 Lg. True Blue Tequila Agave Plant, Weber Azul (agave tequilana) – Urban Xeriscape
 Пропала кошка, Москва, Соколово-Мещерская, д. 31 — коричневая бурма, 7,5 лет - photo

* * *

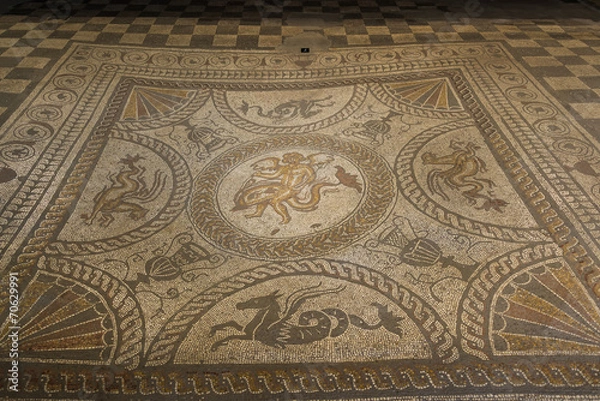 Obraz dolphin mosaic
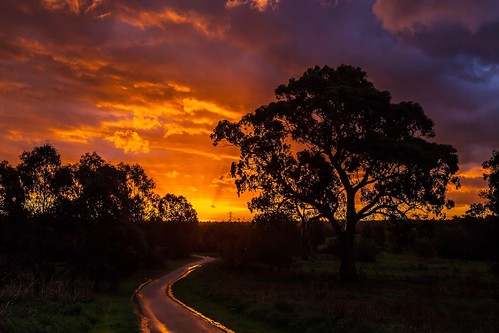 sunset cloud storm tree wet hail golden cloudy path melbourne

--

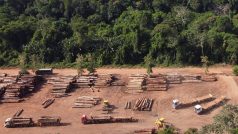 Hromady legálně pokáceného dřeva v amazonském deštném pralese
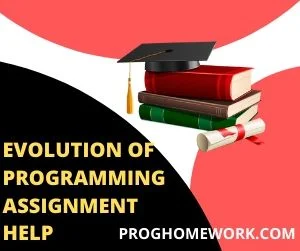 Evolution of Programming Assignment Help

◆ What the task requires ◆
Within the listing above, extract exactly the lines that run from the one containing "Hromady legálně pokáceného" through the one containing "Evolution of Programming Assignment Help", excluding any pictures.

◆ Worked solution ◆
 Hromady legálně pokáceného dřeva v amazonském deštném pralese
 Evolution of Programming Assignment Help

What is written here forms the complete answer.